この記事は、公式サイトのIf is Evilを抜粋した簡易的な記事です。詳しい内容が必要でしたら、公式サイトのIf is Evilをご覧ください。
はじめに
nginxでは、if文が利用できます。たとえば、Optionsリクエストを捌くときに使います。
location /xxx {
if ($request_method = OPTIONS ) {
add_header Access-Control-Allow-Origin *;
add_header Access-Control-Allow-Methods "GET, OPTIONS";
add_header Access-Control-Allow-Headers "origin, authorization, accept";
add_header Access-Control-Allow-Credentials "true";
add_header Content-Length 0;
add_header Content-Type text/plain;
return 200;
}
}
ところが、一般的なプログラミング言語と違い、nginxのlocationにおいて、if文は非常に特殊な動きをします。
特殊な動き
公式サイトのIf is Evilというページに記載があるとおり、「Ifは邪悪」であることが公式に提唱されています。
いくつか抜粋して紹介します。
期待しないヘッダの動作
location /only-one-if {
set $true 1;
if ($true) {
add_header X-First 1;
}
if ($true) {
add_header X-Second 2;
}
return 204;
}
このコードを実行(アクセス)すると、X-Second 2
のヘッダしか送られてきていないことがわかります。これは、多くの人が想像する一般的なプログラミング言語の動きとは大きく異なります。

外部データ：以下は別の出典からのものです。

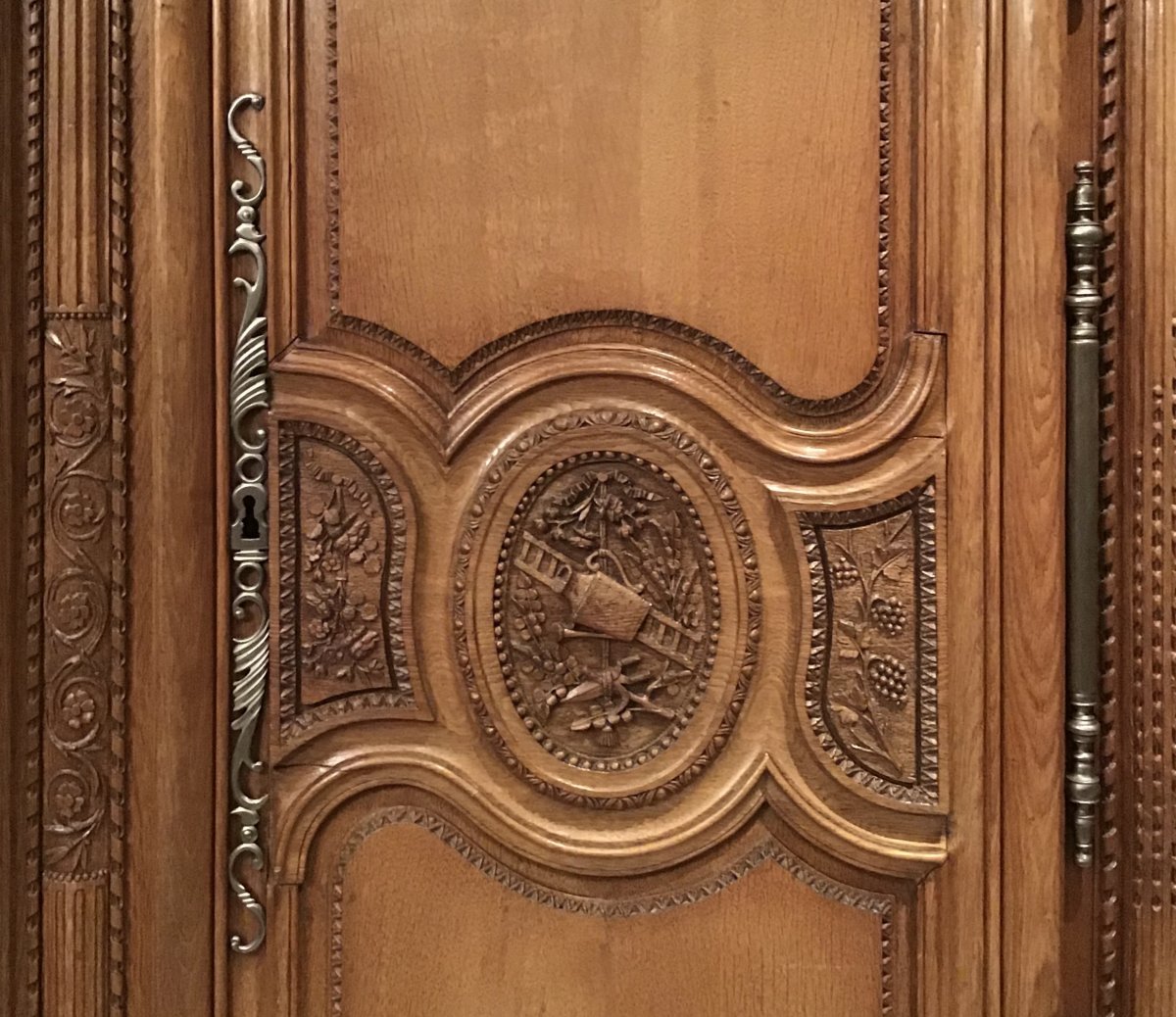 Armoire De Mariage En Chêne Sculpté, Caen-photo-3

一般的なプログラミング言語としての動きで考えると、X-FirstからX-Thirdまでの全てのヘッダが書き込まれることを期待してしまいますが、nginxにおいてはそうではありません。
クラッシュを引き起こすコード
location /crash {
set $true 1;
if ($true) {
# fastcgi_pass here
fastcgi_pass 127.0.0.1:9000;
}
if ($true) {
# no handler here
}
}
このコードを記述すると、SIGSEGVを吐いてnginxがクラッシュします。
なぜ邪悪か
上述したように、多くのプログラマ(あるいは、エンジニア)にとって、nginxのif文の動きは、一般的な感覚とかけ離れています。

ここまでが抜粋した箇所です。